> [Data extract]:
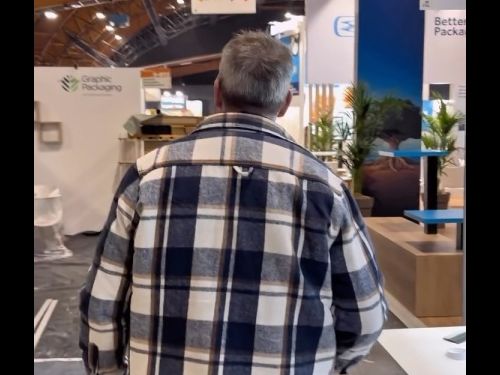 ACN Agencement conçoit et réalise vos stands événementiels de A à Z.
Clostras pour délimiter vos...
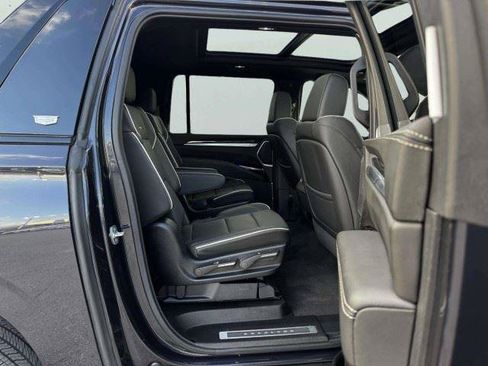 Used 2025 Cadillac Escalade ESV Sport w/ Touring Package AWD/4WD image 42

> [Exercise description]: Give the data again exactly as written, with all pictures left out.

> [Task response]:
 ACN Agencement conçoit et réalise vos stands événementiels de A à Z.
Clostras pour délimiter vos...
 Used 2025 Cadillac Escalade ESV Sport w/ Touring Package AWD/4WD image 42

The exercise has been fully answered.